Does the 7000 have a fuel pump like the 2000 does? That might be the reason one works and the other doesn’t. If you gravity feed the 7000 you stand a good chance of creating a wonderful exciting inferno.... Dutchy


----------



## pipe (Jun 27, 2021)

We use BERG/BREEZE extended run system and it required the air supply hose be clamped (located next to spark plug) - it comes with 2 small plastic re-usable clamps and a picture card with BEFORE and AFTER to ensure the system draws fuel from the 6 gallon external tank. It keeps the primary tank at full level and once the external is empty, the Bluetooth monitor starts reporting on fuel remaining run time (since now below 100%)


----------



## Browse Deweb (Jan 16, 2021)

This company offers a kit which uses a fuel pump to feed the EU7000is:








Honda EU7000iS Extended Run Time Fuel Kit with Internal fuel pump


Never risk personal injury again pouring gasoline into a hot generator. Our Honda EU7000iS Extended Run Time Fuel Kit keeps you far away from any danger.




www.pinellaspowerproducts.com


----------



## teamrodent (Aug 16, 2021)

pipe said:


> We use BERG/BREEZE extended run system and it required the air supply hose be clamped (located next to spark plug) - it comes with 2 small plastic re-usable clamps and a picture card with BEFORE and AFTER to ensure the system draws fuel from the 6 gallon external tank. It keeps the primary tank at full level and once the external is empty, the Bluetooth monitor starts reporting on fuel remaining run time (since now below 100%)

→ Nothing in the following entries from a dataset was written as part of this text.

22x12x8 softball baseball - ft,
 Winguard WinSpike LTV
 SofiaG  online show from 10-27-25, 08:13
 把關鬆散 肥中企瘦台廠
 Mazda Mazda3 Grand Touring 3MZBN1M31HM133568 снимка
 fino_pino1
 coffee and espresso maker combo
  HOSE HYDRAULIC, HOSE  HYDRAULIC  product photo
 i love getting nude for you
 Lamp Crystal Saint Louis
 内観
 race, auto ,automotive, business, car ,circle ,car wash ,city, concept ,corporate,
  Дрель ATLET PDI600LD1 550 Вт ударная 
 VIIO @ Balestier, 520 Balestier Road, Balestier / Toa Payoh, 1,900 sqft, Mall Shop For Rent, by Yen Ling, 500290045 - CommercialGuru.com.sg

I would love to see a photo of that picture card if it's not too much trouble. I think having an open air hose is my problem but I want to be sure which hose to clamp!


----------



## pipe (Jun 27, 2021)




----------



## iowagold (Jan 22, 2020)

yea it is the vent for the tank.
it goes down to the carbon filter for evap


----------



## teamrodent (Aug 16, 2021)

pipe said:


> View attachment 9885


Great, thanks!


----------